One of the new artists in Munich made quite clear what he thought of the Secession’s exhibition in 1902:

Hanging on the walls, it seems, are the “same old things” we saw long ago, only somewhat faded — pictures that take as their point of departure the literal repetition of nature and thus forfeit the luster of the artist’s intentions.

The writer was Kandinsky. Many of Marc’s and Kandinsky’s works and other important collections and donations are now housed, ironically, in the mansion that belonged to Franz von Lenbach, the wealthy painter of official portraits and one of the main figures against whom Kandinsky was reacting. A study by the gallery’s then-director, Armin Zweite, with biographies of the artists and commentaries by Annegret Hoberg on the paintings reproduced, The Blue Rider in the Lenbachhaus, Munich (2000) provides an indication of the riches of the collection which also includes works by Münter, Macke, Alexei Jawlensky, and Paul Klee.
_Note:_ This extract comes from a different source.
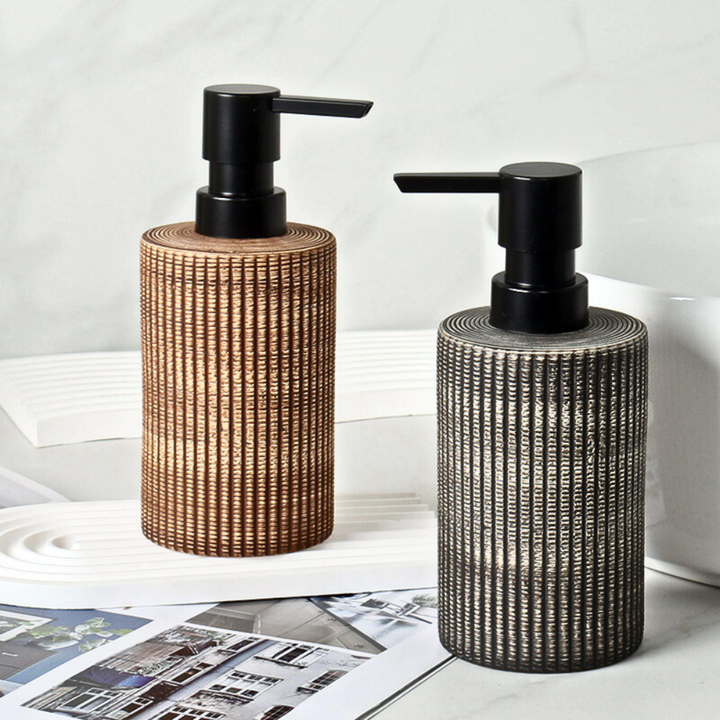 Liora Soap Dispensers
Marc provided a link between Munich and Berlin and between the Blaue Reiter and the very different artists of the Brücke and the circle around the Berlin dealer and critic Herwarth Walden’s literary and artistic weekly, Der Sturm. Marc collaborated with Walden to organize the Erster Deutscher Herbstsalon in Berlin in 1913. There, too, Marc met Walden’s former wife, the poet Else Lasker-Schüler. This relationship produced Marc’s Postcards to Prince Jussuf. The originals of these twenty-eight small paintings, all featuring animals, sent by Marc to Lasker-Schüler between 1912 and 1914, are now divided between the Bavarian state collections and the Nationalgalerie in Berlin and are reproduced together in a book by Peter-Klaus Schuster, which tells in a preface much about this collaborative project.[9]

The Symbolists at the end of the 19th Century had been concerned with “the Spiritual.” In France this had involved some of them with the Rosicrucian revival of the 1890s, and the Symbolist heritage left a strong imprint on Munich painters and writers, among them the criminally undertranslated poet Stefan George. They were interested in the new spiritualist movements, especially Theosophy, whose apostle Rudolf Steiner was read by Kandinsky. The Russians in Munich brought with them their own tradition of mystical speculation.[10]
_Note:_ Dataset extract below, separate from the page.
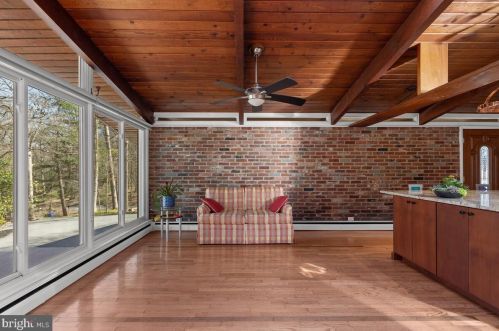 1006 Somerset Ln, Silver Spring MD 20904-6241 exterior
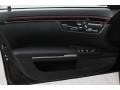 Black - S 550 4Matic Sedan Photo No. 16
[1] Wassily Kandinsky and Franz Marc, The Blaue Reiter Almanac, 104.

[2] “Painters, Patronage and the Art Market in Germany, 1880-1914,” Past and Present, No. 123, May 1989.

[3] Peter Paret, The Berlin Secession: Modernism and Its Enemies in Imperial Germany, (Cambridge, Mass: Belknap Press of Harvard University Press, 1980) 269.

[4] Maria Martha Makela, The Munich Secession: Art and Artists in Turn-of-the-Century Munich, (Princeton, N.J.: Princeton University Press, 1990).

[5] Carl Schorske, Fin-de-Siècle Vienna: Politics and Culture (Knopf, 1980), 200-209.

[6] For a valuable detailed account of the economic situation of Munich artists, see Robin Lenman, “A Community in Transition: Painters in Munich 1886–1924,” in Central European History Vol. 10, March 1983. See also his “Politics and Culture: The State and the Avant-Grade in Munich, 1886–1914” in Richard Evans, ed., Society and Politics in Wilhelmine Germany (Barnes and Noble, 1978).

[7] The monograph by Annelies Krekel-Aalberse, Art Nouveau and Art Deco Silver (1989), illustrates the tension in trends, and also shows, in such objects as a silver caviar dish or a tea caddy set with amethysts, the class for whom artisans were working.

[8] Seth Taylor, Left-Wing Nietzscheans: The Politics of German Expressionism 1910–1920 (Walter de Gruyter, 1990).

[9] Peter-Klaus Schuster, Franz Marc, and Else Lasker-Schüler, Franz Marc, postcards to Prince Jussuf, (Munich: Prestel, 1988).

[10] For a discussion of these see Rose-Carol Washton Long, Kandinsky: The Development of an Abstract Style (Oxford University Press,1980), especially Chapter 2.